Some advice I can offer to new panelists or people wanting to start:
Nothing is Ever Perfect
What prevents me from blogging a lot is that I keep going over a piece that I’ve written until I’m satisfied. This forces me into a kind of paralysis and delays posting completed works for weeks at a time.
This isn’t limited to writing either. I find myself doing it with videos and photos that I finish editing, then let sit without doing anything with because something in me wants to keep working on it. I’ve forced myself to post things more often and to quiet that voice, but sometimes it’s overwhelming.
The thing about panels is that there is a hard deadline: The day of the event. And the act of presenting the panel is an act of creation in the moment. Once a sentence leave your mouth, it’s delivered to the audience and can never be taken back and re-edited. As a creator it’s a refreshing exercise.
That doesn’t prevent me from analyzing the situation afterwards which can still create anxiety. But the creative piece is done.
Panels require constant revision
Some of the panels I have in my roster I have given six or more times now. At this point those panels are starting to feel dated and in need or retirement or a complete refreshment. When lecturing with older panels I always wonder what the audience thinks if a piece of information is out of date or if I’m talking about a show that’s now a few years old.

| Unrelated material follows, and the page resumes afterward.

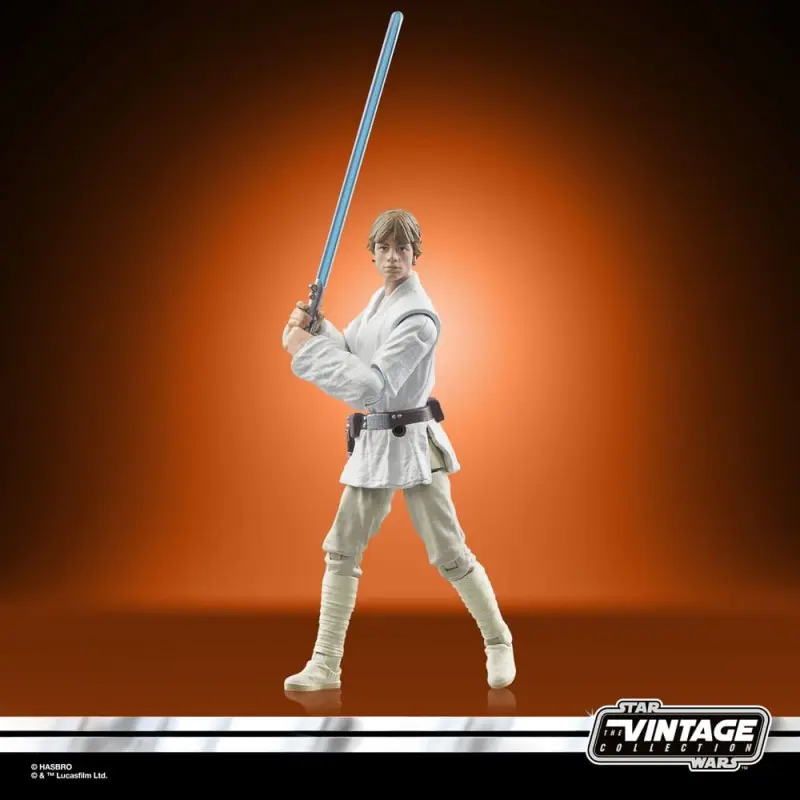 Star Wars Episode IV Vintage Collection figurine Luke Skywalker 10 cm | 5010996281937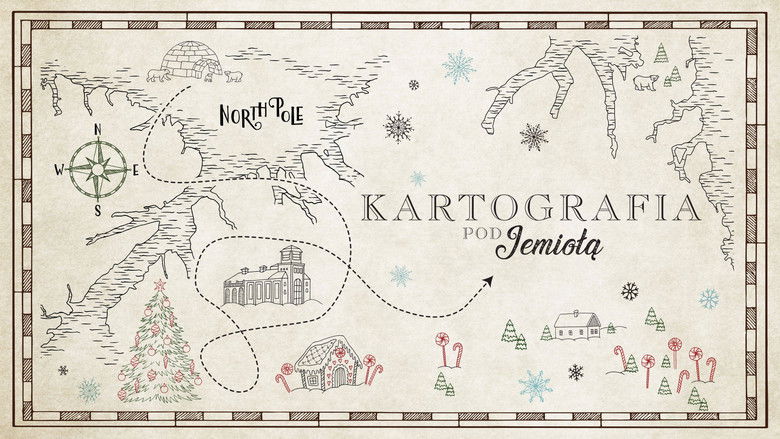 кадр из фильма Maps and Mistletoe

Having stepped back form anime in the last few years I struggle with that feeling that I’m an outsider at times at anime conventions, surrounded by shows I’ve never even heard of. Talking about shows for five years ago to a room full of people who definitely spend more of their free time on anime than I do now is a problem.
So I’ve come to the point that I have this roster of panels that I feel like need a lot of work before I can present them again. My panel “When Moe Goes Bad” did get a pretty big revision before Anime Boston but still contains references to shows that modern anime convention audiences will think are old.
I know a few years might not seem like a long time. But anime culture has a fast turn over. So the 80% of people going to Anime Boston 2017 will be completely different by Anime Boston 2021 and so will their taste.
Educate AND Entertain
This is one I struggle with the most. Even my Hentai Panel has a history component to it, and I know that a few people waiting to see boobs walked out during that part. The secret is to make the educational part exciting, try to tie the information that you want to impart as closely as possible with the thing people actually came to see.
So one major revision to my Hentai panel, for example, is going to be opening with the clips quicker, then going into history afterwards before following up with more clips. I still want the audience to leave with learning something, but I think I need to show something that will keep them around sooner rather than having the lecture part completely up front.